25 settembre 2017 | Autore:


> Diritto e Fisco Pubblicato il 25 settembre 2017



Stop cartelle per debiti minimi, calcolo interessi obbligatorio, limiti pignoramento stipendio anche per lavoratori autonomi, prescrizione quinquennale dopo la notifica, cartelle nulle di diritto se prescritte: cosa propone il progetto di riforma del sistema di riscossione.

Modifiche in arrivo per il sistema di riscossione tramite ruolo: una proposta di legge [1], attualmente sotto esame della Camera dei Deputati, mira ad introdurre maggiori tutele per i contribuenti, prevedendo nuove disposizioni in materia di contenuto della cartella, limiti delle procedure esecutive, istanza di sospensione in autotutela, notifiche e prescrizione.

Si tratta, in gran parte, di norme che danno atto di tutele già ampiamente riconosciute dalla giurisprudenza (per esempio in materia di calcolo degli interessi o di prescrizione quinquennale delle cartelle non opposte), ma che necessitano, appunto, della certezza definitiva che solo la legge può conferire.

Vediamo nel dettaglio tutte le proposte di modifica.

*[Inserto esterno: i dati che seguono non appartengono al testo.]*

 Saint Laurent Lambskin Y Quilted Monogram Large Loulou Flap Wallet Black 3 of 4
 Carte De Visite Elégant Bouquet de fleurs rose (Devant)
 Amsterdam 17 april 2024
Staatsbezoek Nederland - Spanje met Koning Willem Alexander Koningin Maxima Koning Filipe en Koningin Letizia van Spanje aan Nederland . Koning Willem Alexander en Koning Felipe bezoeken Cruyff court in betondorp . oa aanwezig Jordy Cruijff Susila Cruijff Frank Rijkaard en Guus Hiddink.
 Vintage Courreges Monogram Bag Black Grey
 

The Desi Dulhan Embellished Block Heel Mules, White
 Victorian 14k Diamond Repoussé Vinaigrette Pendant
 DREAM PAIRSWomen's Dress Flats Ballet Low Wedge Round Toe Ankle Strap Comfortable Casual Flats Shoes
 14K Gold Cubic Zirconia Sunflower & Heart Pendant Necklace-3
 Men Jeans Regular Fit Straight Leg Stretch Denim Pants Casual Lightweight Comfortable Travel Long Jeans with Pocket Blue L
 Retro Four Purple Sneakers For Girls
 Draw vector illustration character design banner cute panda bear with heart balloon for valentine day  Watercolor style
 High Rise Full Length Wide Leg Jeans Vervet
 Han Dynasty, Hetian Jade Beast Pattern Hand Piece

Ruolo e cartelle esattoriali più dettagliati a pena di nullità

Al fine di garantire la piena trasparenza dell’operato del concessionario e degli atti posti in essere, in armonia con i principi di buona fede e collaborazione sanciti dallo statuto dei diritti del contribuente si propone la modifica del contenuto del ruolo prevedendo, a pena di nullità, l’obbligo dell’indicazione analitica dei seguenti dati informativi:

  • il codice fiscale del contribuente;
  • la  specie del ruolo;
  • la data in cui il ruolo
  • diviene esecutivo;
  • il riferimento all’eventuale precedente atto di accertamento o altro atto presupposto nonché la motivazione, anche sintetica, della pretesa.
  • per i ruoli straordinari: l’indicazione dei presupposti di fatto e di diritto che giustificano il fondato pericolo per la riscossione;
  • l’indicazione analitica degli interessi maturati sino alla data di formazione del ruolo e di quelli successivi, in qualunque modo definiti, e i rispettivi criteri di calcolo
  • la specifica delle sanzioni applicate.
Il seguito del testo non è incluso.